In 1972 Congress enacted the Coastal Zone Management Act, which led Louisiana to enact the Louisiana State and Local Coastal Resources Management Act of 1978 (SLCRMA). SLCRMA established a permitting program for anyone starting an activity that had a direct and significant impact on coastal waters in Louisiana’s coastal zone. Any activity not in accordance with the terms of a coastal use permit could result in civil liability, damages and an order for environmental restoration measures. The SLCRMA legacy clause allowed activities legally started before the effective date of the permit program to continue without a permit.
Starting in the 1940s, the oil companies drilled from barges and dredged and maintained canal networks to access wells. Louisiana parishes sued the companies, alleging that the companies’ continued use of the wells and canals violates SLCRMA because they either lack a permit or their use violates a permit.
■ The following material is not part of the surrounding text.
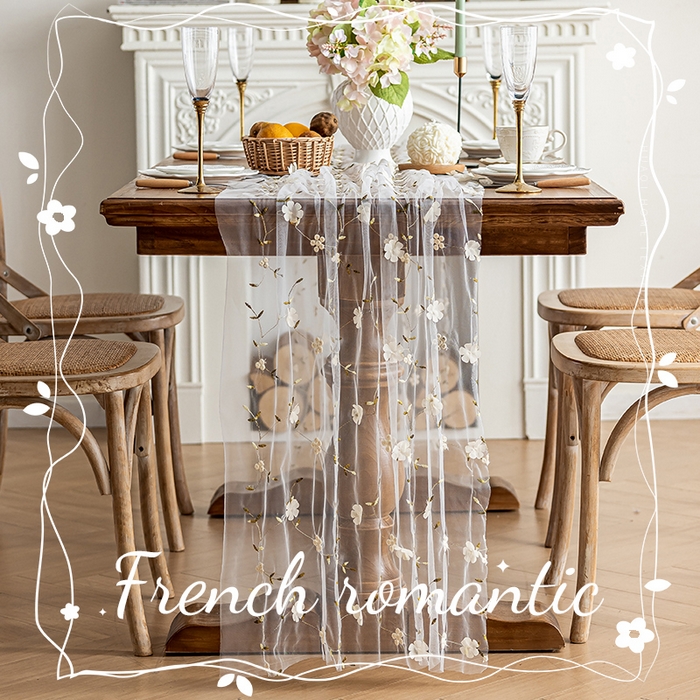 91家纺网 家纺一手货源 找家纺 南通大梧纺织 2025新款网纱绣花法式复古风小野花桌旗 丹桂-白 70x460cm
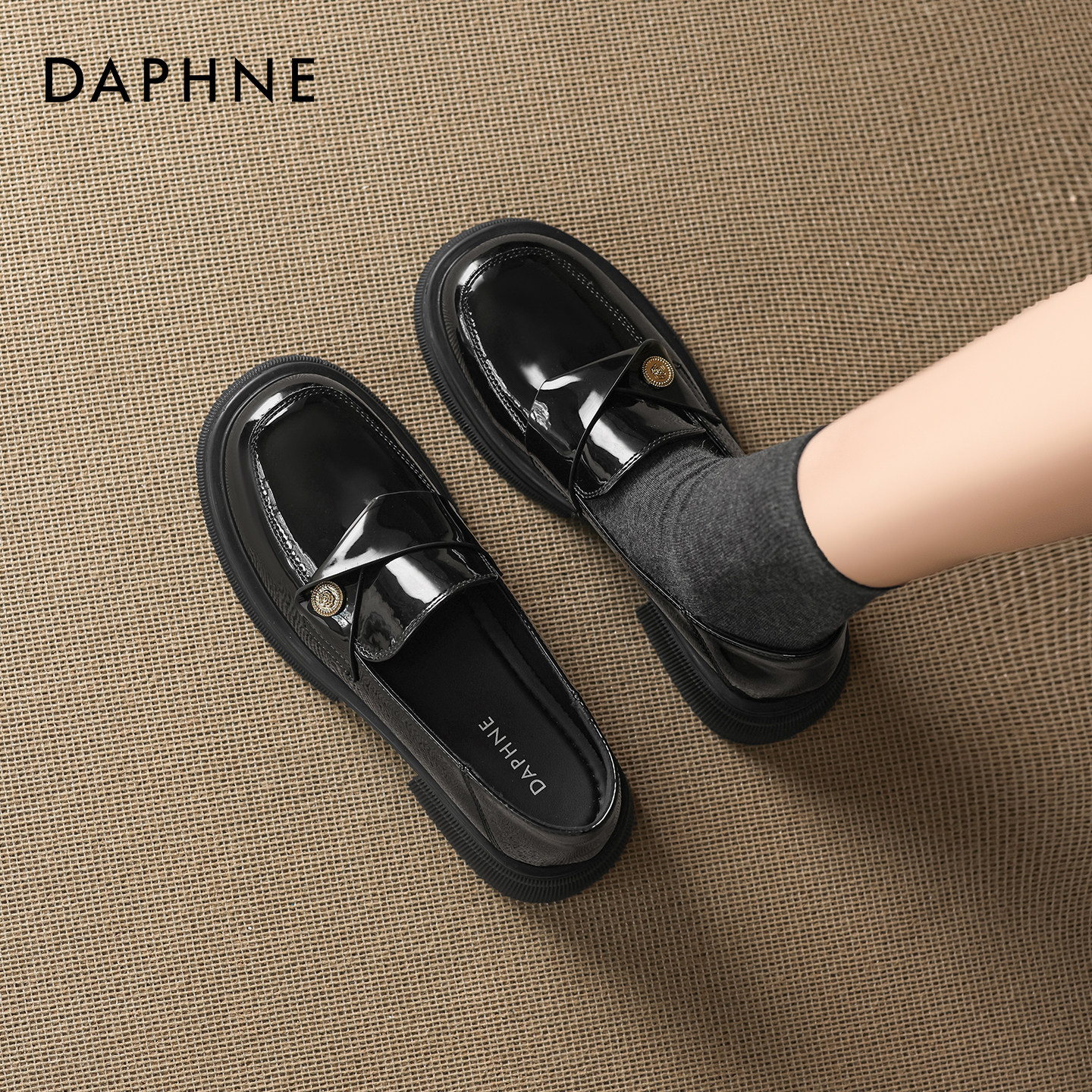 达芙妮乐福鞋女2026新款春季爆款复古风单鞋懒人一脚蹬黑色小皮鞋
They claimed that the legacy clause does not apply because any operations prior to 1980 were not “lawfully commenced or established” before the implementation of SLCRMA.
The oil companies tried to move the suits to federal court early in litigation, but they were remanded to state court due to lack of a federal question. After the parishes filed an expert report in one of the cases, the companies moved again for the removal of the cases to federal court. Both the Eastern and Western District of Louisiana granted the motions and remanded the cases back to state court.
The court on Monday found that the remand was appropriate because the companies filed their removal notices too late. The defendants’ second notice of removal was untimely unless it was not evident on the face of the complaints that the case included claims from World War II. While the defendants argued they did not know the claims were based upon activities dating back to World War II until the plaintiffs submitted their expert testimony, the court found that the report simply repeated information that had been filed with the court before the companies first tried to remove the cases from court.
Because of this, the court affirmed the decision to remand the case to state court.